##### Given records

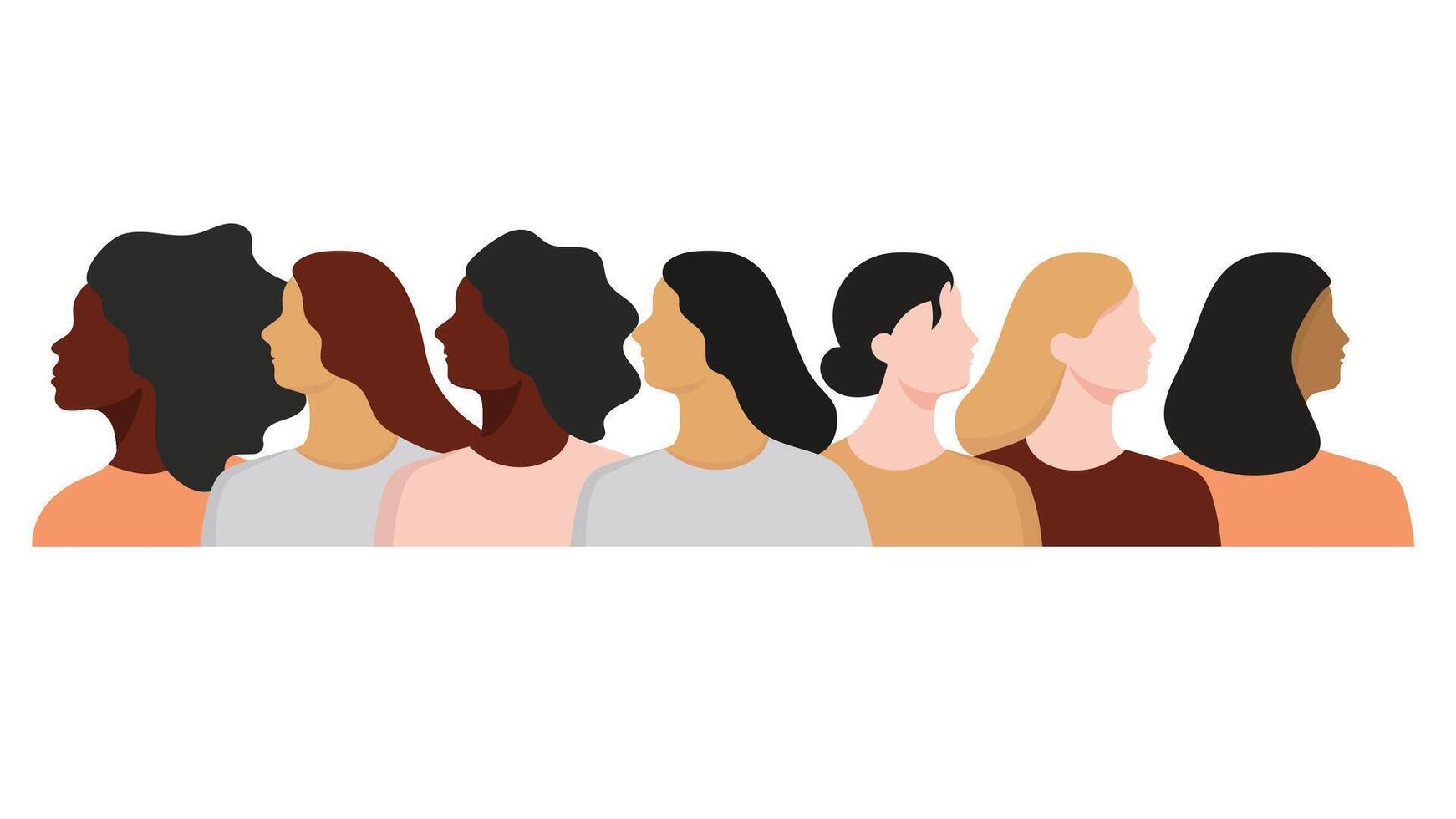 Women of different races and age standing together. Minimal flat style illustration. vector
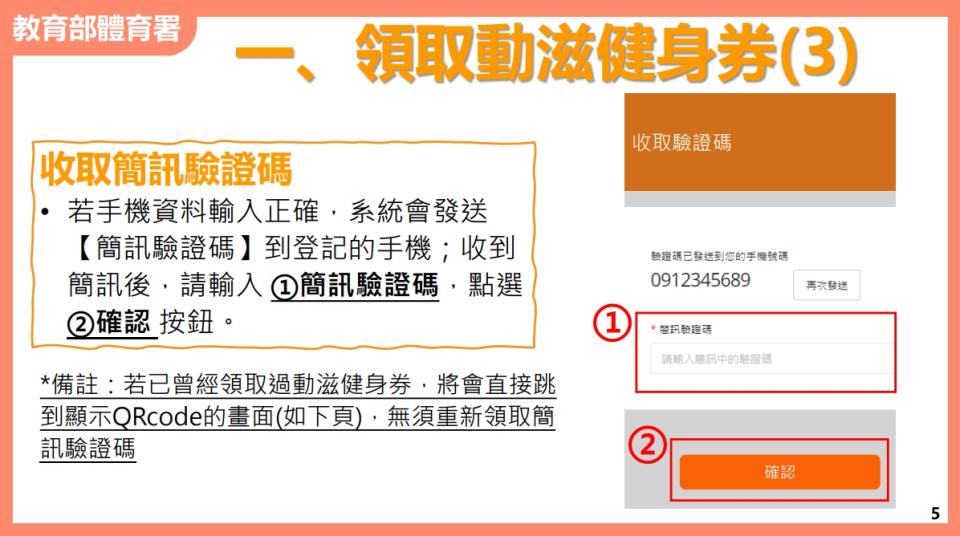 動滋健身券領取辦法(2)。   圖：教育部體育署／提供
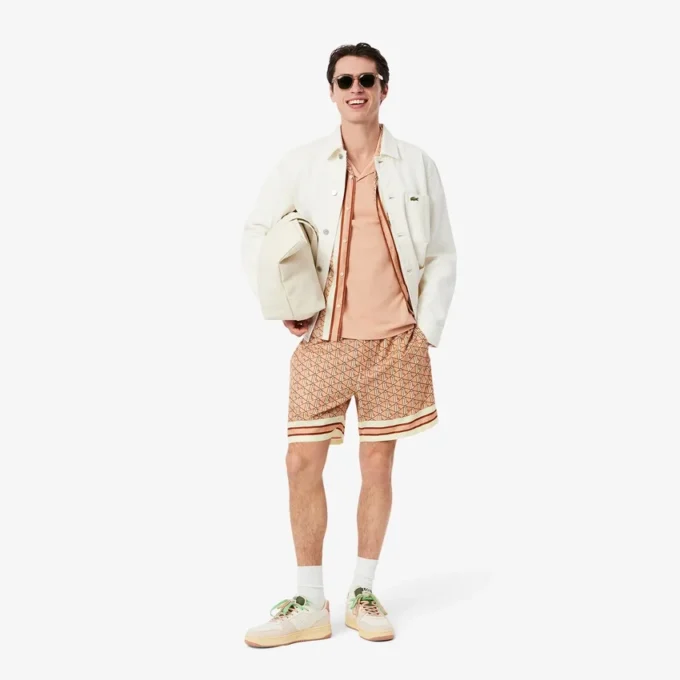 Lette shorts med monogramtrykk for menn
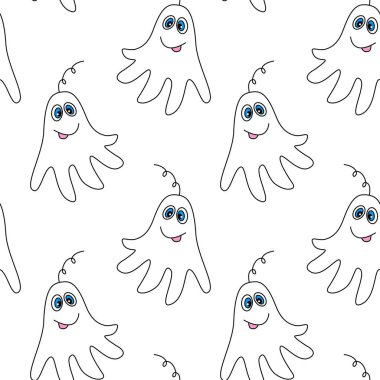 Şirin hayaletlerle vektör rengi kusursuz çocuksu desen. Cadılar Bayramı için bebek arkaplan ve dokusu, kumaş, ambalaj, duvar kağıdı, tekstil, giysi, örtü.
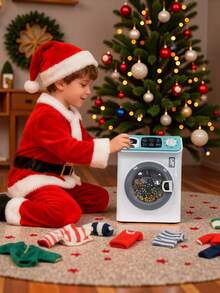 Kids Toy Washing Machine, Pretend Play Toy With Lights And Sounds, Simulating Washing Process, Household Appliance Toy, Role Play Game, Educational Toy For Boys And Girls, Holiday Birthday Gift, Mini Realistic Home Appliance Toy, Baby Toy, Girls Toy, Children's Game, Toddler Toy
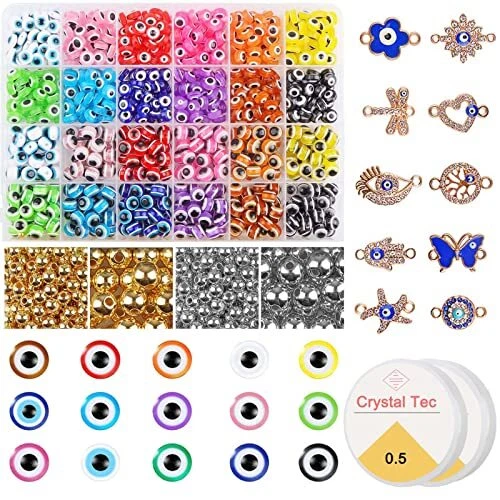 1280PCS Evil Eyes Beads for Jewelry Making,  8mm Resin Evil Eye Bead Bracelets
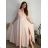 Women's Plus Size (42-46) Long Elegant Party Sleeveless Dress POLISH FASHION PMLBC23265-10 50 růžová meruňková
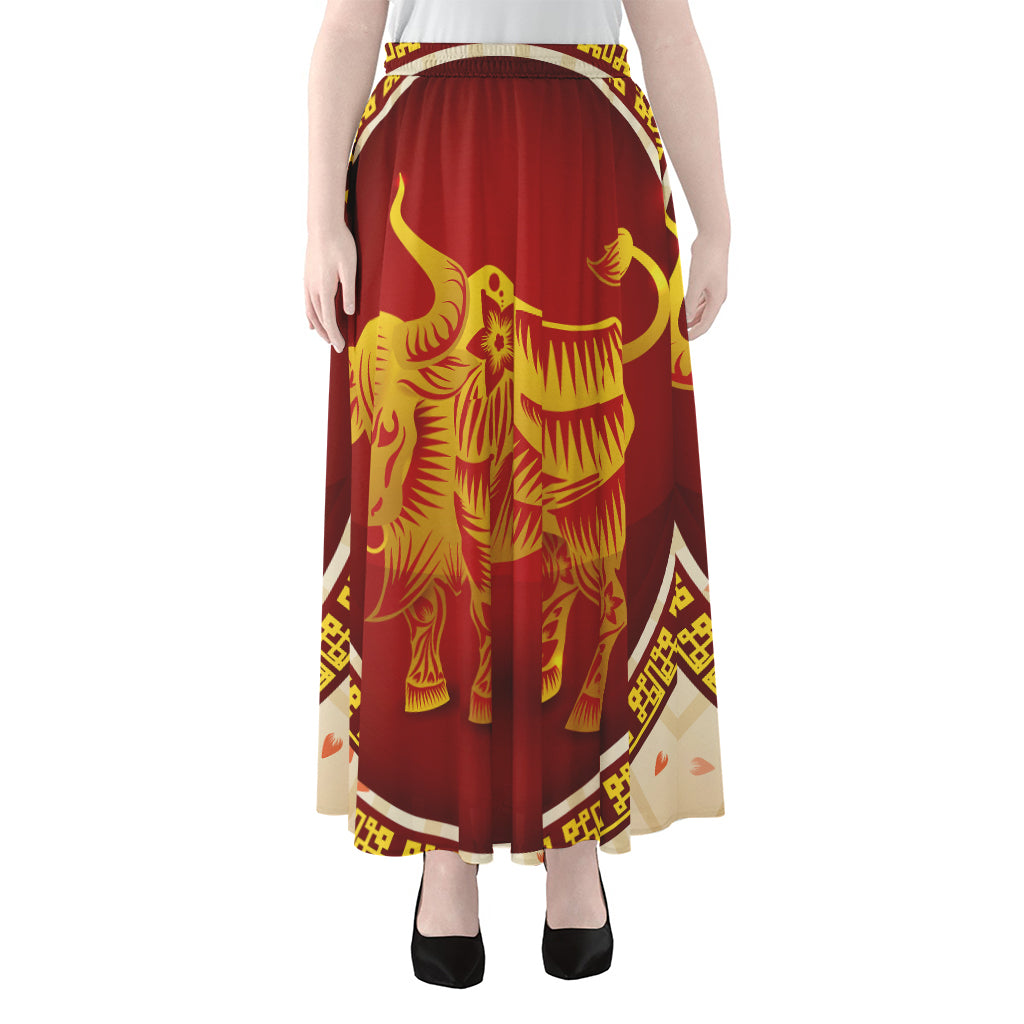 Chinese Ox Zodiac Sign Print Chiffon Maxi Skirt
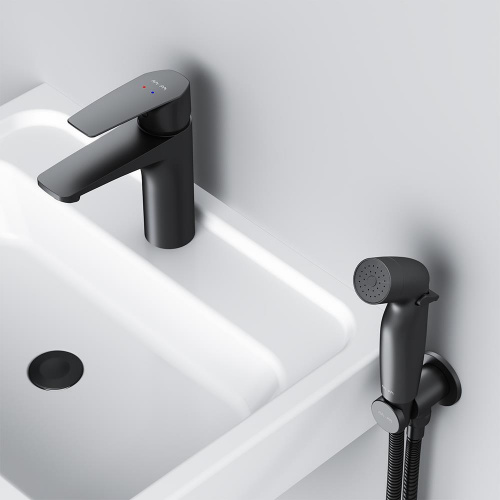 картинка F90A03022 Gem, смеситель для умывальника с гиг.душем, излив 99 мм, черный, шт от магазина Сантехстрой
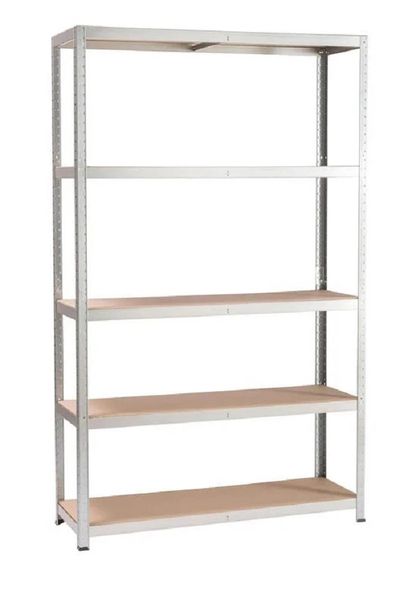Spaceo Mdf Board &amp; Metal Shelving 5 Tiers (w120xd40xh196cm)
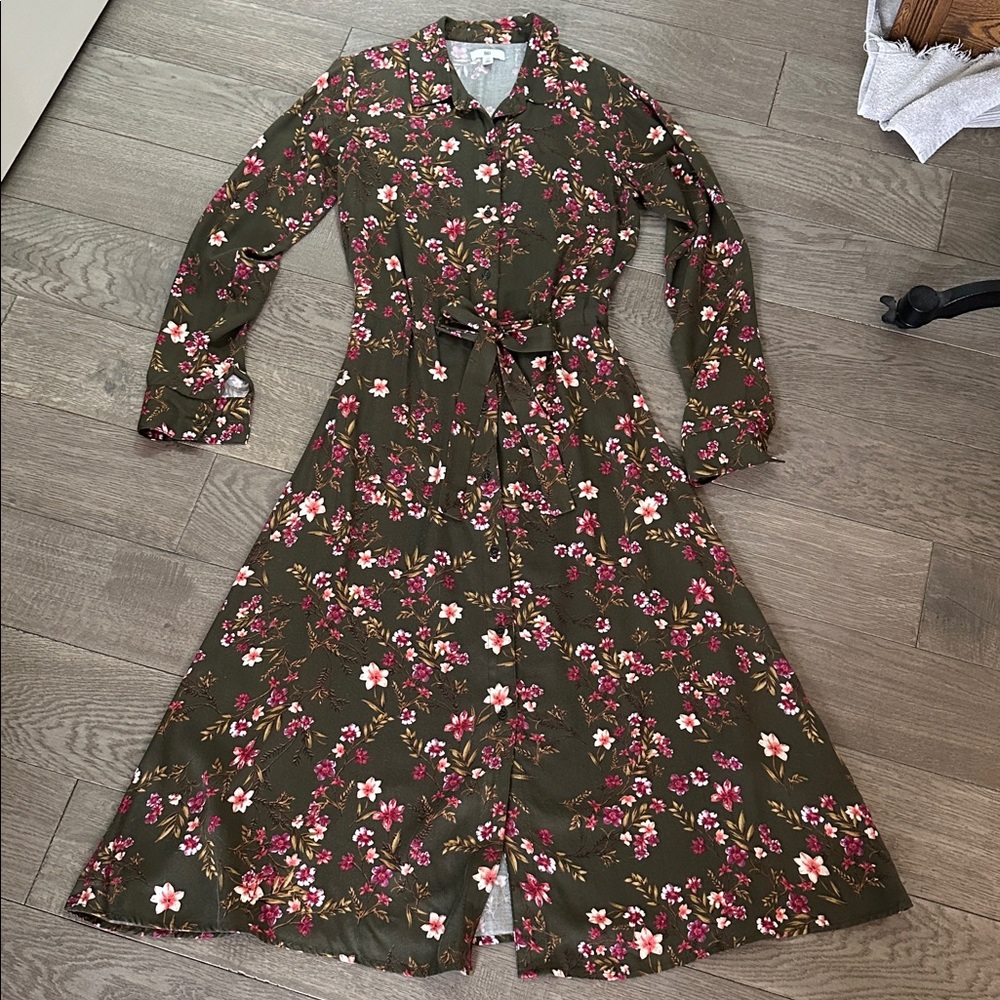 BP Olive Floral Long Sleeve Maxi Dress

##########

The exact lines from the one containing "Chinese Ox Zodiac" through the end of the data are to be copied, with both ends kept and pictures left out.

 Chinese Ox Zodiac Sign Print Chiffon Maxi Skirt
 картинка F90A03022 Gem, смеситель для умывальника с гиг.душем, излив 99 мм, черный, шт от магазина Сантехстрой
Spaceo Mdf Board &amp; Metal Shelving 5 Tiers (w120xd40xh196cm)
 BP Olive Floral Long Sleeve Maxi Dress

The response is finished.